While basking in the Bali sun and staring out into the Jordanian desert of Wadi Rum have given me pause for reflection and gratitude alike, travel has not been the only source of self-freeing enlightenment. I’ve gotten lost in reading books alone for hours but stopped when I came across a line that reminded me of a time in my life or a good friend. Taking my dogs down to the waterfront on Tacoma’s Ruston Way or taking visiting friends to see the Narrows Bay views from Point Defiance Park “at home” result in the same. Random discussions with a Spanish friend back in Japan about the sense of belonging while living abroad and a conversation with an Italian friend here that somehow touched on the topic of Picasso’s “Guernica” – these struck me and reminded me that I am surrounded by a motley crew of exceptional people with a lot to give and a lot to learn from. THAT is freeing.
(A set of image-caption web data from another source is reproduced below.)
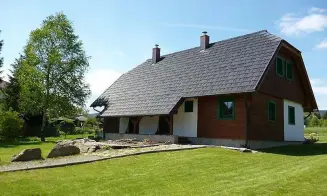 SRNÍ - malý apartmán - foto číslo 14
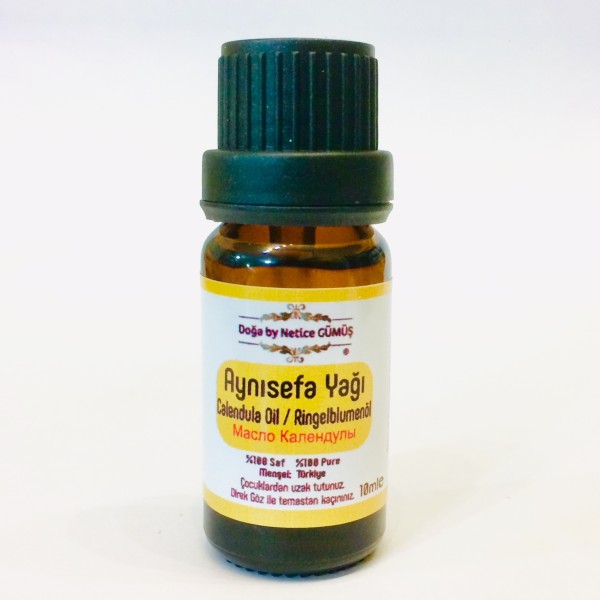 copy of Aynı Sefa Yağı 20 Ml. Organik Bitkisel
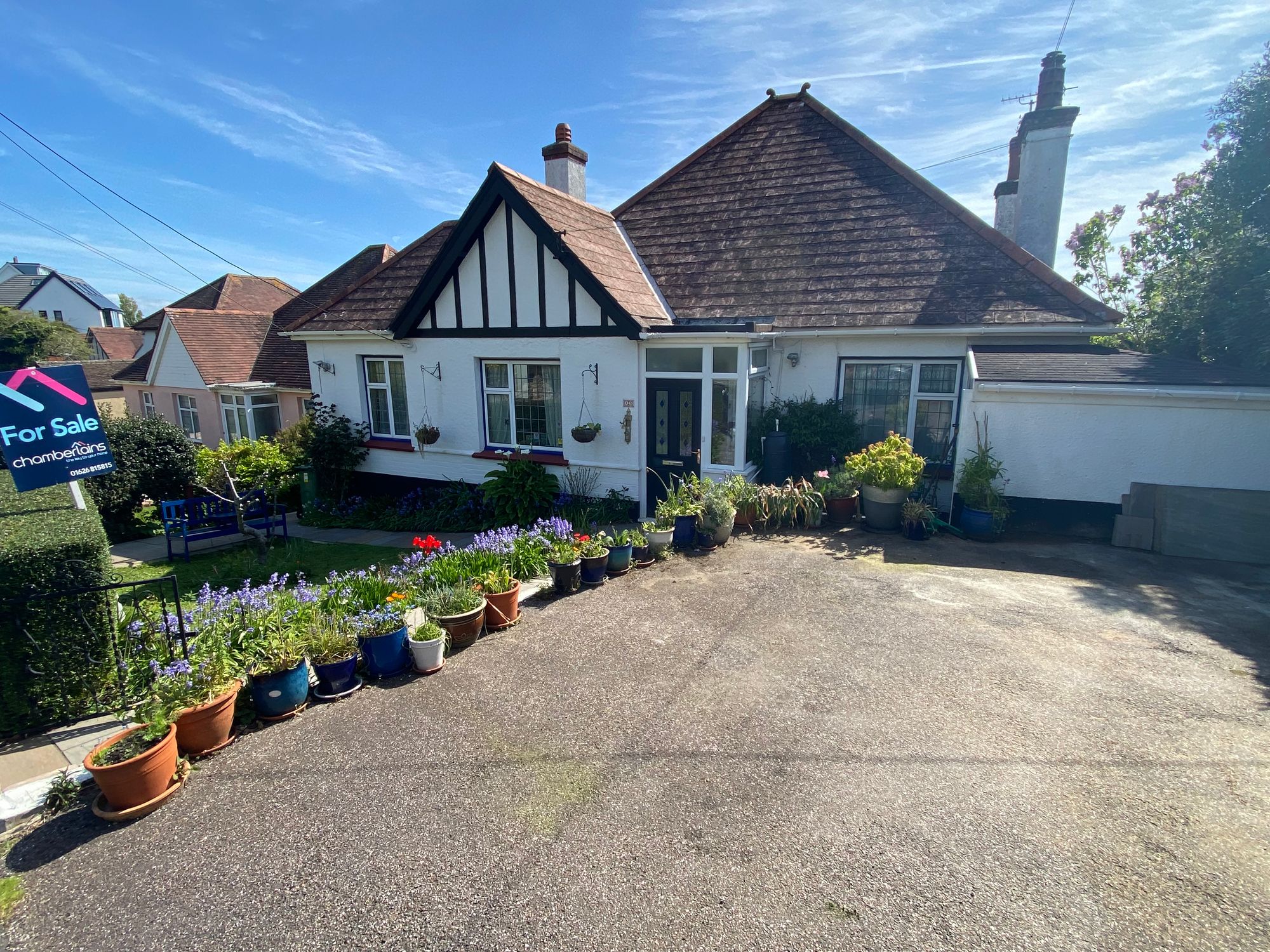 Woodland Avenue, Teignmouth, TQ14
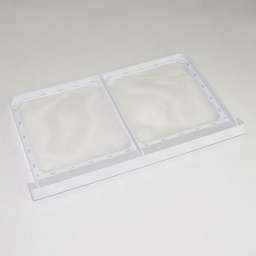 [RPW1037598] GE Lint Filter WE01X27982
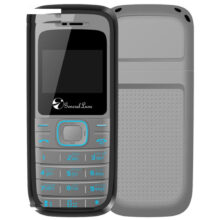 گوشی موبایل جی ال ایکس مدل 1208 دو سیم کارت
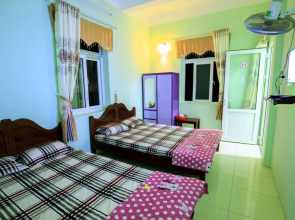 Ly Tri Motel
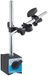 Metrica Meetklokhouder magnetische voet, 46015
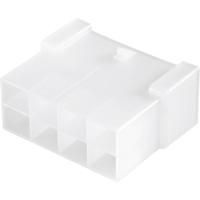 Stekkerbehuizing 8-polig Aantal polen=8 MTA Automotive 4410270 - thumbnail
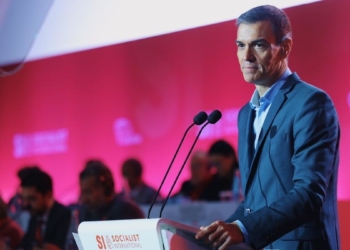 notícies Pedro Sánchez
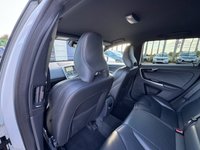 USED 2016 66 VOLVO XC60 2.4 D5 R-Design Lux Nav SUV 5dr Diesel Auto AWD Euro 6 (s/s) (220 ps) NEW CAMBELT AND WATER PUMP !!!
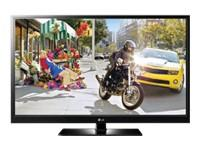 LG ELECTRONICS 60PZ550 Plasma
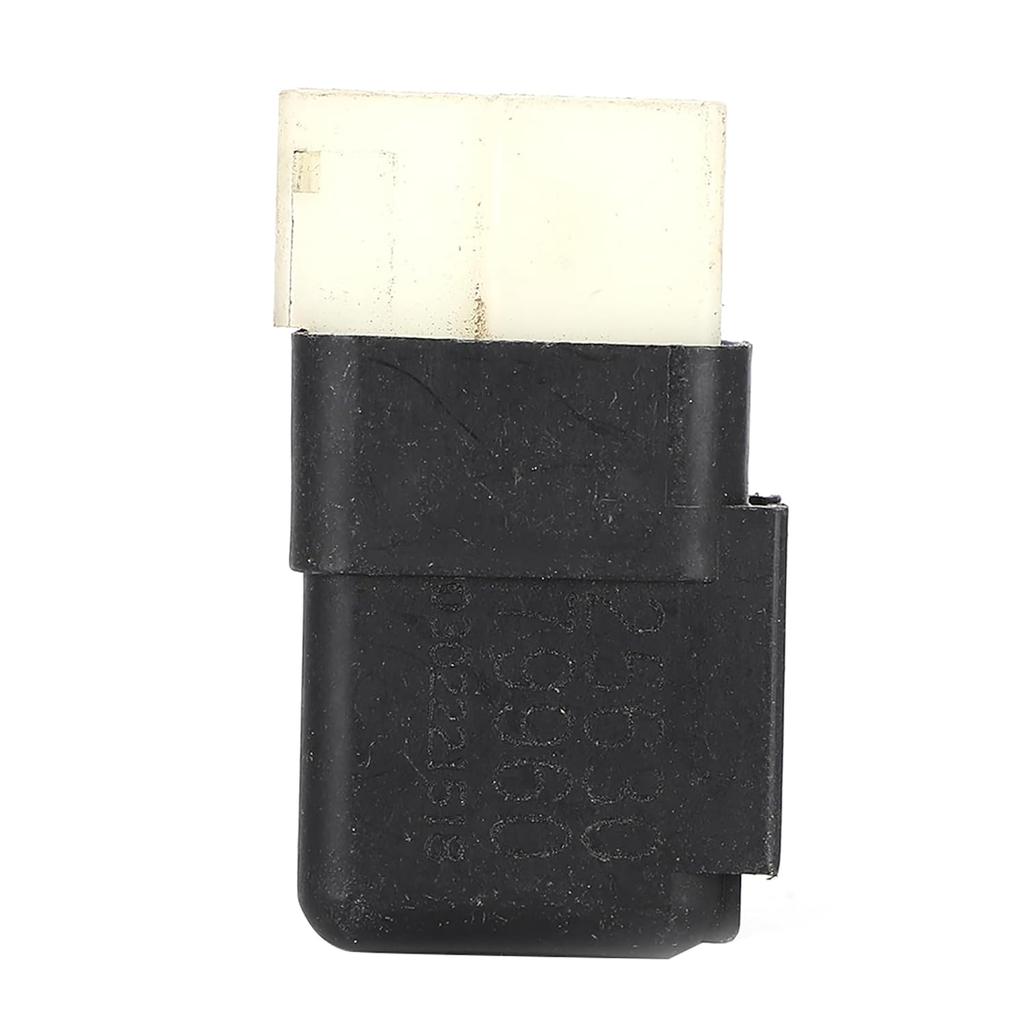 2563079960, KIMISS Horn Relay Performance Horn Controller 25630-79960 for 200SX 240SX 300ZX 350Z 370Z for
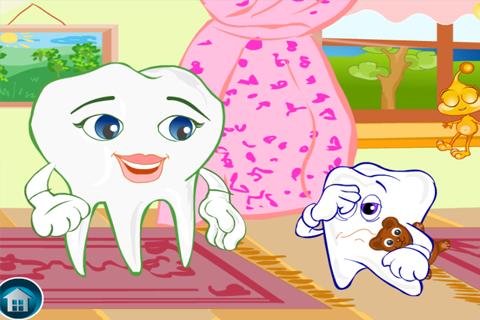 免費下載教育APP|Little Tooth's Fairytale app開箱文|APP開箱王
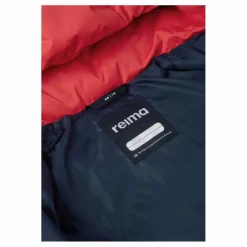Reima Winter jacket Teisko Tomato red Röd Sale
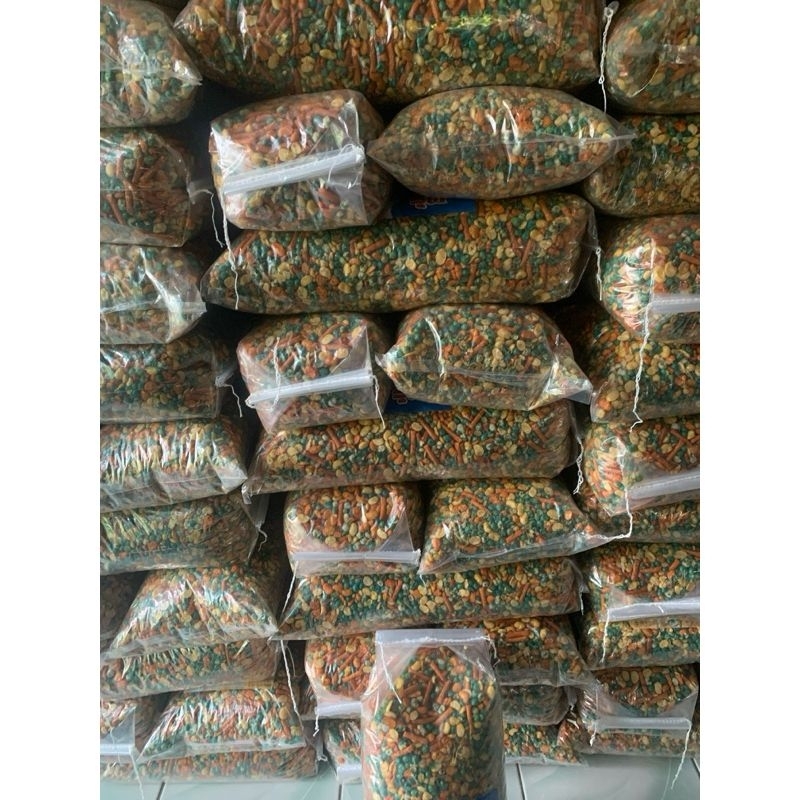

kacang campur jaipong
Others might refer to this as a call “to stop and smell the roses”, or to slow down. But in my experience, some of the best moments have come when I’ve still been speeding right along. I’ve acknowledged that I love what I’m experiencing and continued the ride. You don’t necessarily have to follow the traditional recommendations of mindful travel gurus. These moments, and at times, epiphanies, may hit you smack in the face. You only need to be open and willing to accept them. To be present. Are you?